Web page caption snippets
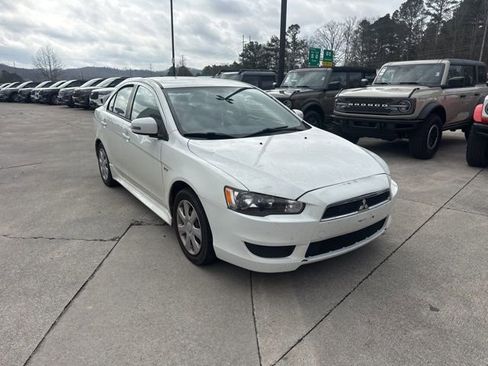 Used 2015 Mitsubishi Lancer ES image 5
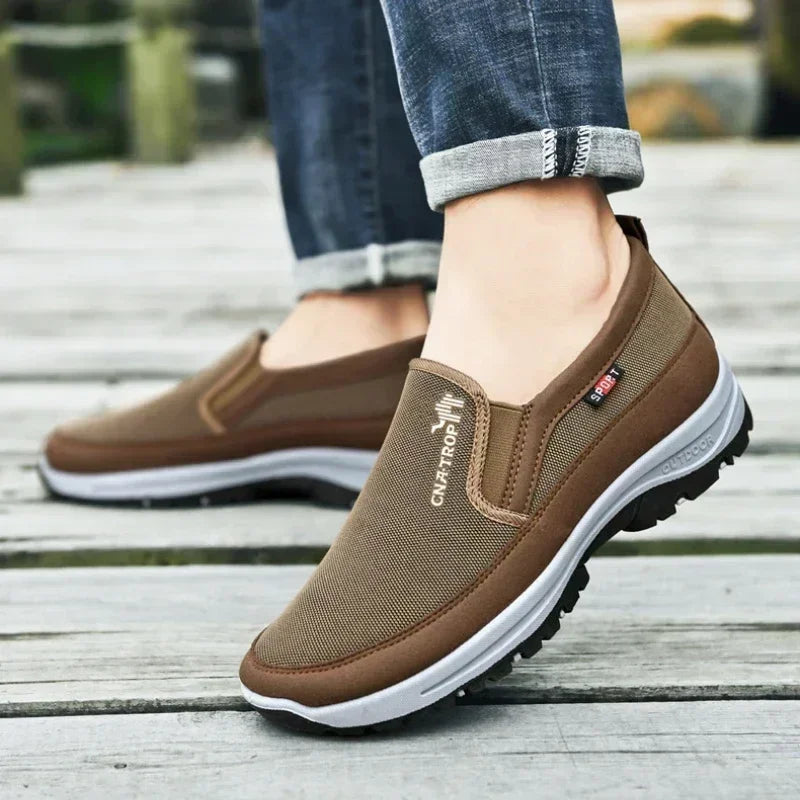 Sneakers Men Shoes Casual Loafers Non-Slip Slip on Vulcanized Shoes Soft Sole Solid Color Comfortable Water Sport Shoes Brown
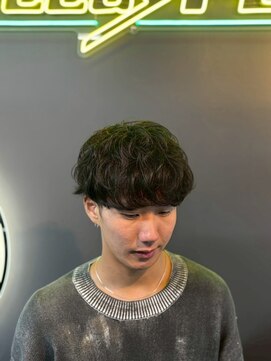 グリーディーフォックス 三軒茶屋(GreedyFOX) 波巻き/マッシュパーマ/ウルフ/ハイライト<理容室>三軒茶屋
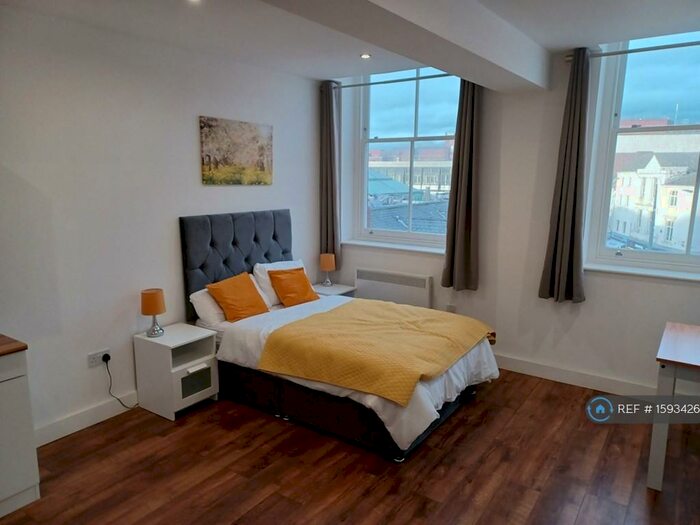 Studio To Rent In The Webberley, Stoke-On-Trent, ST1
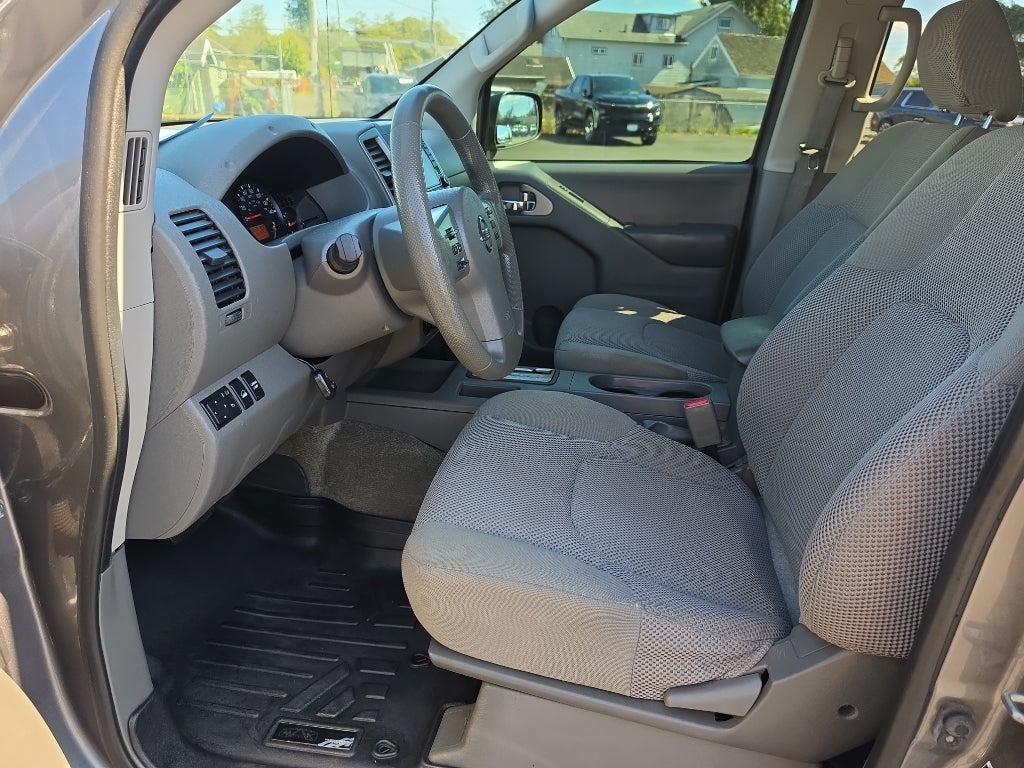 2017 Nissan Frontier SV V6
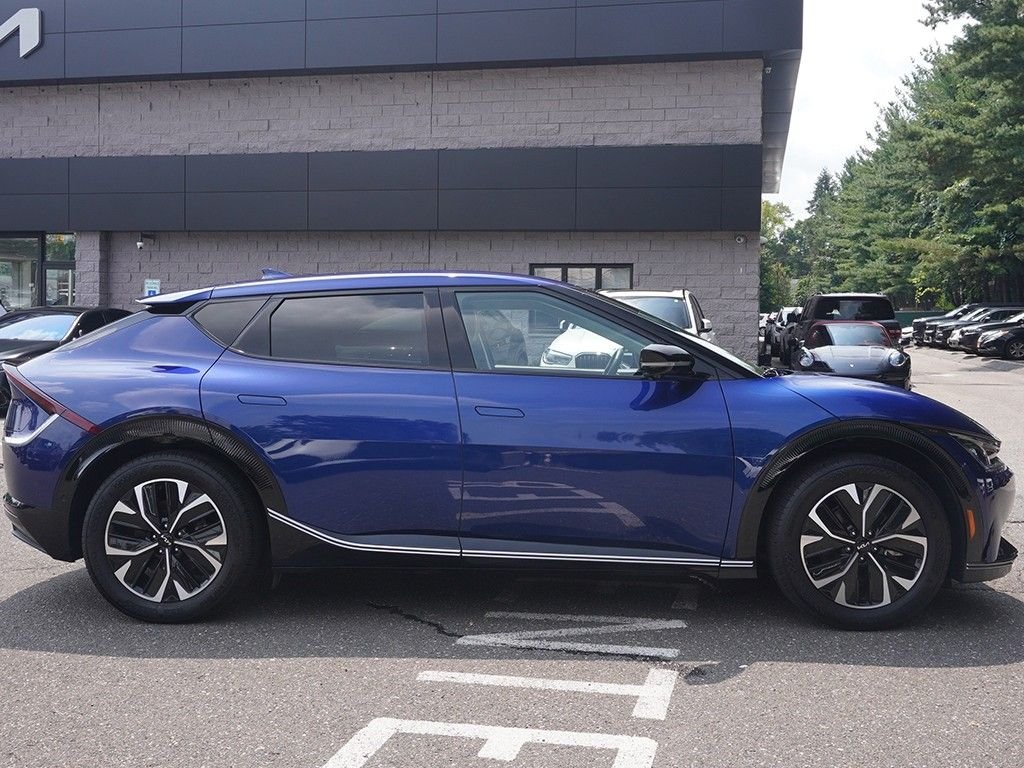 Used 2024 Blue Kia Wind image 19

• **Exercise brief**:
Repeat all of the entries above exactly. Keep pictures out of it.

• **Result of this exercise**:
 Used 2015 Mitsubishi Lancer ES image 5
 Sneakers Men Shoes Casual Loafers Non-Slip Slip on Vulcanized Shoes Soft Sole Solid Color Comfortable Water Sport Shoes Brown
 グリーディーフォックス 三軒茶屋(GreedyFOX) 波巻き/マッシュパーマ/ウルフ/ハイライト<理容室>三軒茶屋
 Studio To Rent In The Webberley, Stoke-On-Trent, ST1
 2017 Nissan Frontier SV V6
 Used 2024 Blue Kia Wind image 19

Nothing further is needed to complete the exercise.